When Lavigne shared her motivation for starting the group, she spoke about how her spiritual connection led her to fight the Formosa complex. As I wrote in Mother Jones in 2019:

In early 2018, when Lavigne learned that Formosa Plastics Group, a Taiwanese supplier of plastic resins and petrochemicals, had announced that St. James Parish would be the site for a massive project that would create 14 chemical plants, she says she asked God for advice. “Do I need to sell my home? He said no. I said, ‘Do I need to sell my land, the land that You gave me?’ He said no.”
“God told me to fight,” she continues. “And I’ve been fighting ever since. I’ve been going in the fast lane.”

I think that spirituality is a form of love.

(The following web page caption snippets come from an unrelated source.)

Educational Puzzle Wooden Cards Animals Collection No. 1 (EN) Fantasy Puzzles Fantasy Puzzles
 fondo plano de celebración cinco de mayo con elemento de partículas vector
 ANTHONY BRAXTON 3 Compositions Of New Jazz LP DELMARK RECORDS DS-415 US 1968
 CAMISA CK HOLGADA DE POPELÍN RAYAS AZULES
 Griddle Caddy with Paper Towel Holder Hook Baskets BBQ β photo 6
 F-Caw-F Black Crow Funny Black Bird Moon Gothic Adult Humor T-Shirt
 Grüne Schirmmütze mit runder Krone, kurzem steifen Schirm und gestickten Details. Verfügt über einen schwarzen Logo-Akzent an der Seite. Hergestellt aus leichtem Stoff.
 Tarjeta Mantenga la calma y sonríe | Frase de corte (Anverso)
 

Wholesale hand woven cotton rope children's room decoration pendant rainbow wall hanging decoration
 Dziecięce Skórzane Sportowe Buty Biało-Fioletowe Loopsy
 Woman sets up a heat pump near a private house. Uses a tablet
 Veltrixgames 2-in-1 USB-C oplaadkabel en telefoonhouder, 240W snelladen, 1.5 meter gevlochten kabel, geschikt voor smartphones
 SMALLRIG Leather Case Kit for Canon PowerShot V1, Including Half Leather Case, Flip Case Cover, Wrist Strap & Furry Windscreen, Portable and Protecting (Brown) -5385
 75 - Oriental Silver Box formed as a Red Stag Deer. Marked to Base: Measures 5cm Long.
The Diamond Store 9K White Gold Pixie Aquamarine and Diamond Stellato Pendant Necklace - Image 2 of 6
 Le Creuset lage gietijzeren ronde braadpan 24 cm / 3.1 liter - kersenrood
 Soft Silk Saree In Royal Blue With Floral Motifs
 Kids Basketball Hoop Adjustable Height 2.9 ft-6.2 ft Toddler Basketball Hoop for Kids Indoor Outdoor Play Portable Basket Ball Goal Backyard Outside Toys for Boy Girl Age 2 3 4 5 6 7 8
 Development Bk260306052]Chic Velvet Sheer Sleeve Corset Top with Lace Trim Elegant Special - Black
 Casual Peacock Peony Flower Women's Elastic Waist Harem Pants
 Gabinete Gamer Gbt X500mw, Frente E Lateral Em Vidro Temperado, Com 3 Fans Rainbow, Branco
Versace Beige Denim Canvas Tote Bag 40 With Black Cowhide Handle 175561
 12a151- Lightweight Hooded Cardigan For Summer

And regardless of what gives us a sense of connection, it can become the source for deep wells of courage, persistence, and determination that we didn't even know we had inside of us all along.

textured, abstract painting by Nicole Sylvia Javorsky

The painting above is titled "If we let our tears water the soil, what will grow?" It's a part of my latest series of artwork, Love Letters to Mother Earth. There is so much grief to be felt about air and water pollution, inaction and greed, precious forests reduced to ash, and water wonders of the Earth choked by staggering amounts of trash. I've had to grieve so much as a trauma survivor and I know firsthand that grieving is loving. Grieving is seeing things as they are and living in reality. It can be terrifying to grieve and yet, it is healing and it points the way forward.


This is the connection I'm making with the artwork from my Love Letters to Mother Earth series. Embedded within the artwork of this series is a deep appreciation for life. I am honoring the wonder I’ve felt for sunsets, rolling hills, forests, and clouds. And I am also honoring the suffering I’ve experienced in my struggle to see myself and break free of abuse. I am referencing how breaking free has involved turning toward the wild, finding people who respected my needs and could truly help guide me, could love me for real. The artwork of this series is my way of saying that all these kinds of love are connected: love for my child self, love for nature, love for others, love for my humanity, love for humanity, love for this planet, love for existence, love for the wild woman inside of me, love for myself today right now.


More than anything, love is what drives me. And it’s not naive as I was called far too many times as I grew up and tried to speak the truth of what I believe. Love motivates us to be kinder and more caring. Love brings meaning to our lives in a world where there is so much doubt and mystery. Love guides us toward a meaningful, beautiful, real, hopeful existence.


I’ve lived very dark days and years. I’ve survived things that no one should have to experience. And ultimately, love is what drives me to my protect what makes me who I am.


My love for this life is why I didn’t give up. It’s why I’m still here, alive, still trying, still me. I’m tough and yet, my heart is still open. It’s been agonizingly difficult and still is some days and I wouldn’t change it because this is my life. And I still get to live it.


This kind of love requires us to face loss and feel the ache of what cannot be redeemed. And yet, somehow, there is always something precious to be redeemed. The love I am referring to has the power to heal and to help us protect what is precious to us if we let it be that close to our hearts.